1755年、神聖ローマ皇帝フランツ1世とオーストリア女帝マリア・テレジアの娘マリア・アントニアとして生まれた彼女は、1770年、わずか15歳でフランス王太子ルイ・オーギュスト(後のルイ16世、ルイ15世の孫にあたる)と結婚し、フランス名マリー・アントワネットとしてヴェルサイユに迎えられました。結婚の際、自分専属のショコラティエをヴェルサイユに呼び寄せたというエピソードも残っています。1774年、夫がルイ16世として即位すると、彼女はフランス王妃となりました。

なぜ、この言葉が生まれたのか

経済が衰退の一途をたどる中、贅沢な暮らしぶりで評判が最悪だったマリー・アントワネット。「パリの農民がパンを買えないほど貧しい」と聞いた王妃が「パンがなければブリオッシュを食べればいい」と言った、というエピソードが広く伝えられています。ブリオッシュは牛乳や砂糖を加えた、通常のパンより少し高価なパンであり、決してお菓子ではありませんが、それでも民衆の困窮との隔たりを示す逸話として語られてきました。

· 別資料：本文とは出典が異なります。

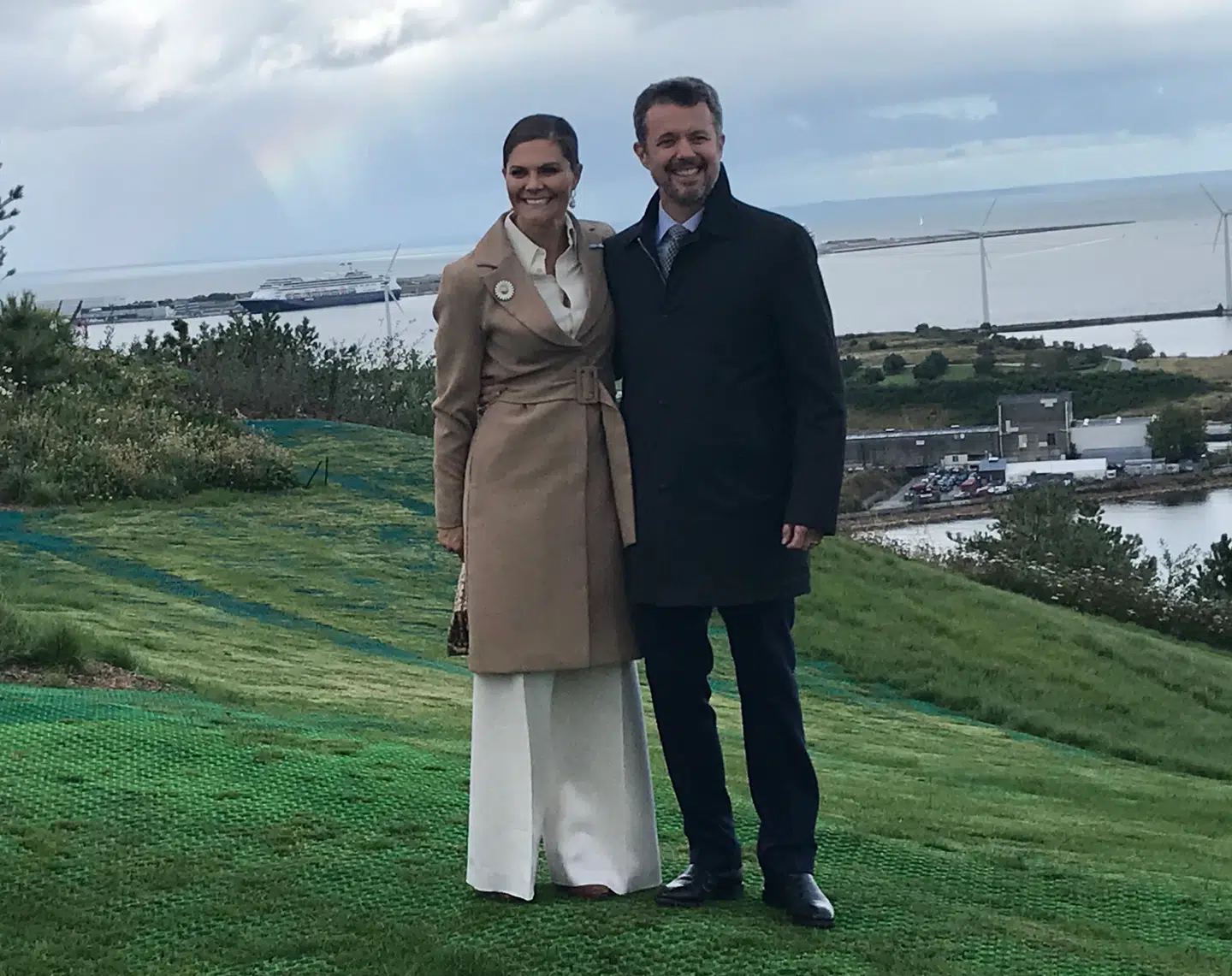 Kronprins Frederik havde godt fat i den svenske kronprinsesse på Amager Bakke.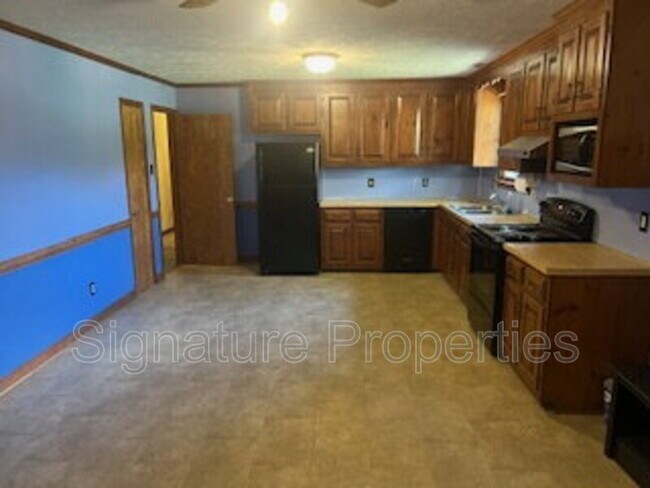 Building Photo - 2910 Kinvan Rd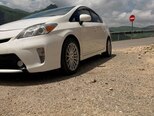 Toyota Prius-12
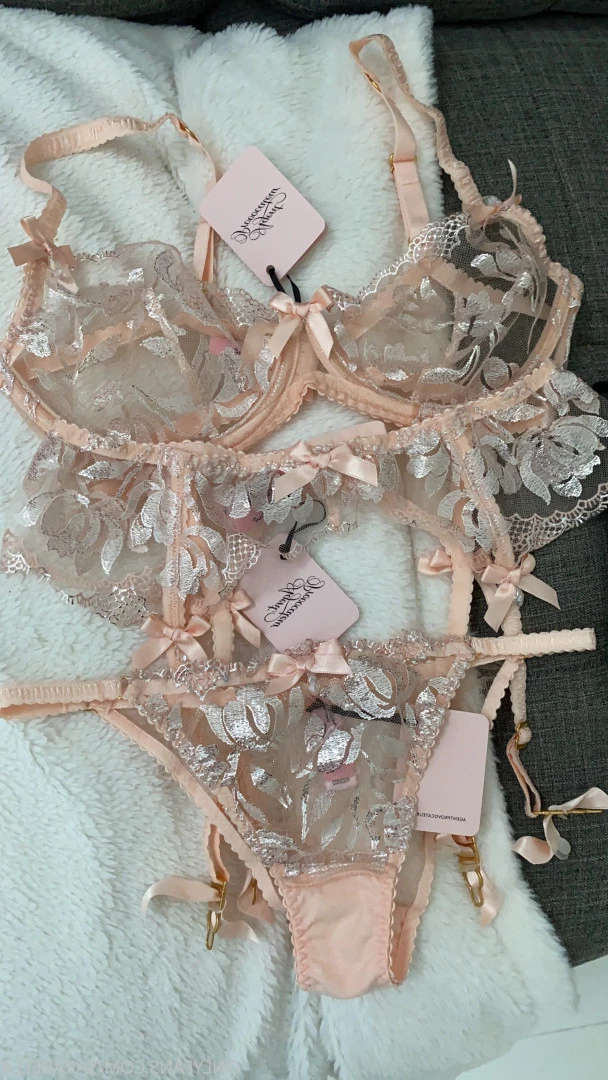 Sara Bella London [ sarabella ] Onlyfans leaked photo 8195783 on Hotleaks.tv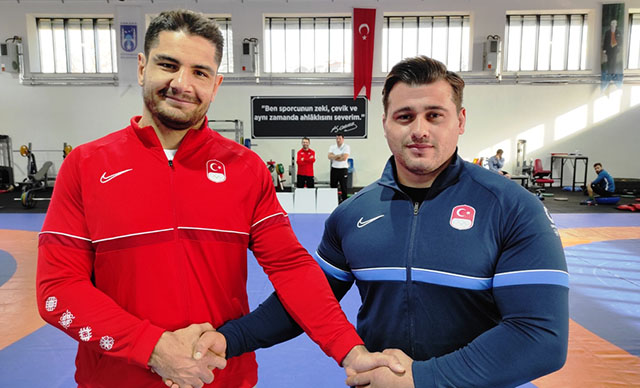 Milli güreşçiler Taha Akgül ve Rıza Kayaalp, Avrupa Şampiyonası öncesi iddialı 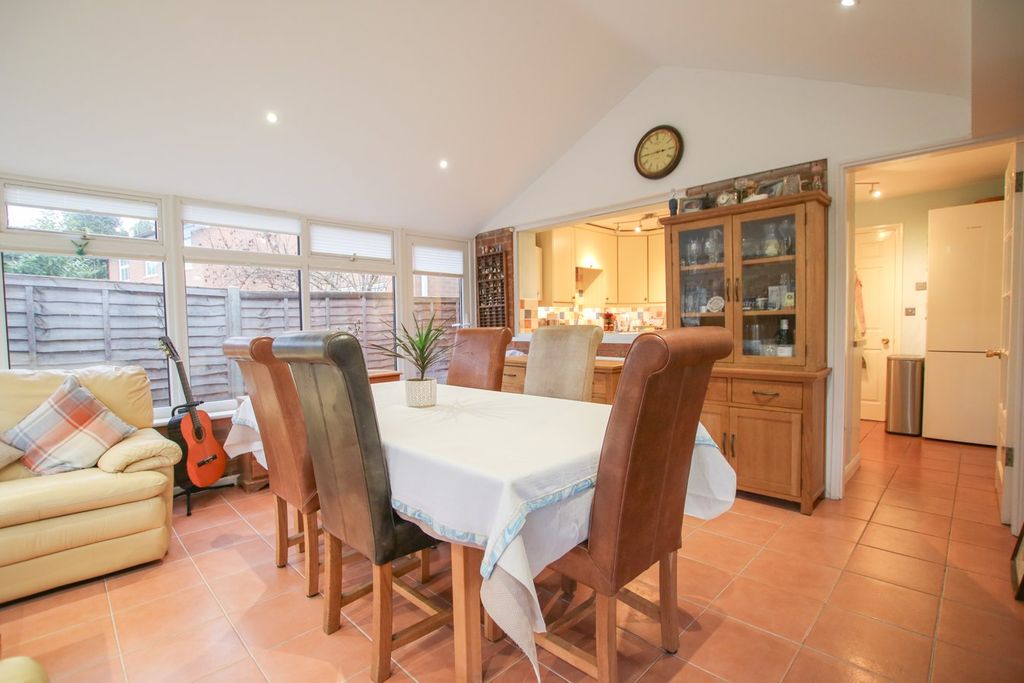 Property photo 2 of 26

しかし、この言葉がマリー・アントワネットの発言であるという証拠はどこにもありません。実はこのエピソードが最初に登場するのは、思想家ジャン=ジャック・ルソーの自伝『告白』。ルソーが1765年から1770年頃にかけて執筆したこの著作は、彼の死後1782年以降に出版されたものですが、いずれにせよマリー・アントワネットがフランスに嫁ぐ前に書かれた文章の中で、名も知らぬ「偉いお姫様」が「ブリオッシュを食べればいいのに」と言ったという逸話として綴られています。この言葉が初めて明確にマリー・アントワネットのものとされたのは、彼女の処刑から半世紀近くが経った1843年のフランスの雑誌記事でした。

裁判と処刑

1793年10月3日、正式に起訴されたマリー・アントワネットは、10月14日に革命裁判所での裁判が始まり、わずか2日後の10月16日、反逆罪で有罪となり処刑されました。

歴史家が指摘する、もう一つの側面

オックスフォード大学のロバート・ギルデイ教授(近代史)は、マリー・アントワネットが革命の中で処刑された背景には、「女性を政治的権力から排除しようとする」性差別的な側面があったと指摘しています。1791年に「女性および女性市民の権利宣言」を発表した女性権利活動家オランプ・ド・グージュもまた、ギロチンで処刑されたことが、この見方を裏付けているといいます。